**TASK**: Output only the lines below that start at the line containing "DistractoE's tweet photo." and end at the line containing "HKB TOM'S Woodgrain", with both ends kept.

Source records

◇ ◇ ◇ ◇

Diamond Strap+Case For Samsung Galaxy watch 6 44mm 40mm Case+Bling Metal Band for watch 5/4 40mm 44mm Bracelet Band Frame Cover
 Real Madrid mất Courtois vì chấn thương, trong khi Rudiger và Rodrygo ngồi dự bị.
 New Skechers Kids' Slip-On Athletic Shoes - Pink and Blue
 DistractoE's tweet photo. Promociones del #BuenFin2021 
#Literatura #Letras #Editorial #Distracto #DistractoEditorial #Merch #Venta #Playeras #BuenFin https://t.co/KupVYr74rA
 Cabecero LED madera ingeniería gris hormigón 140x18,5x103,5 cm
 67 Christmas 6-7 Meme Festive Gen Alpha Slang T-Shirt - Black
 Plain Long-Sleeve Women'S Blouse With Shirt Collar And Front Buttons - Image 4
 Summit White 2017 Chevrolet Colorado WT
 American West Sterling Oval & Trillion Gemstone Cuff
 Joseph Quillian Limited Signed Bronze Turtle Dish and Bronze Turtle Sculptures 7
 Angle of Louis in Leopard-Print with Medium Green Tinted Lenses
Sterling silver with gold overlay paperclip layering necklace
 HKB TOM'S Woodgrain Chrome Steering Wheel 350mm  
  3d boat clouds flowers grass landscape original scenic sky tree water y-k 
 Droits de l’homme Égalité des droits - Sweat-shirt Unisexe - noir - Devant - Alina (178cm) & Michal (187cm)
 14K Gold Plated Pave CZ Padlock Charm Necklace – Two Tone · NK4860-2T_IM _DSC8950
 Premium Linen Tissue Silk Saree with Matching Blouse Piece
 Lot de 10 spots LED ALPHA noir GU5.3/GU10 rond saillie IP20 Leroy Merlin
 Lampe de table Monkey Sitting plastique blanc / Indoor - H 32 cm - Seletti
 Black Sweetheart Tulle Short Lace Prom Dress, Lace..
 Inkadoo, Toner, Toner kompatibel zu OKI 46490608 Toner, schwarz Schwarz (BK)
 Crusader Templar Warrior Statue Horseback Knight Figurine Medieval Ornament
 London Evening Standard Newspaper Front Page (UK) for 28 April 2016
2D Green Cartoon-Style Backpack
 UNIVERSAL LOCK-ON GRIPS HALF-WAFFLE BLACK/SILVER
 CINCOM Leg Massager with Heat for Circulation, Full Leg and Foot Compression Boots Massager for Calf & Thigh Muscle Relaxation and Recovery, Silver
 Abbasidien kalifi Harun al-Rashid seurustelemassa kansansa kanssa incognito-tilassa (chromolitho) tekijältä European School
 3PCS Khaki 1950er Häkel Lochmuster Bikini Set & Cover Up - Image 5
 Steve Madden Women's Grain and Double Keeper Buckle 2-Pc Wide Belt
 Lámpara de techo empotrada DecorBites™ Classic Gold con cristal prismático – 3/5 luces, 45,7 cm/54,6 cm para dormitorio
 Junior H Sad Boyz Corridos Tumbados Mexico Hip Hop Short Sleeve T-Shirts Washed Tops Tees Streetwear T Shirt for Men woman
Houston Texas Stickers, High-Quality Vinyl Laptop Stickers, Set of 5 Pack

◇ ◇ ◇ ◇

**ANSWER TO THE PROBLEM**:
 DistractoE's tweet photo. Promociones del #BuenFin2021 
#Literatura #Letras #Editorial #Distracto #DistractoEditorial #Merch #Venta #Playeras #BuenFin https://t.co/KupVYr74rA
 Cabecero LED madera ingeniería gris hormigón 140x18,5x103,5 cm
 67 Christmas 6-7 Meme Festive Gen Alpha Slang T-Shirt - Black
 Plain Long-Sleeve Women'S Blouse With Shirt Collar And Front Buttons - Image 4
 Summit White 2017 Chevrolet Colorado WT
 American West Sterling Oval & Trillion Gemstone Cuff
 Joseph Quillian Limited Signed Bronze Turtle Dish and Bronze Turtle Sculptures 7
 Angle of Louis in Leopard-Print with Medium Green Tinted Lenses
Sterling silver with gold overlay paperclip layering necklace
 HKB TOM'S Woodgrain Chrome Steering Wheel 350mm  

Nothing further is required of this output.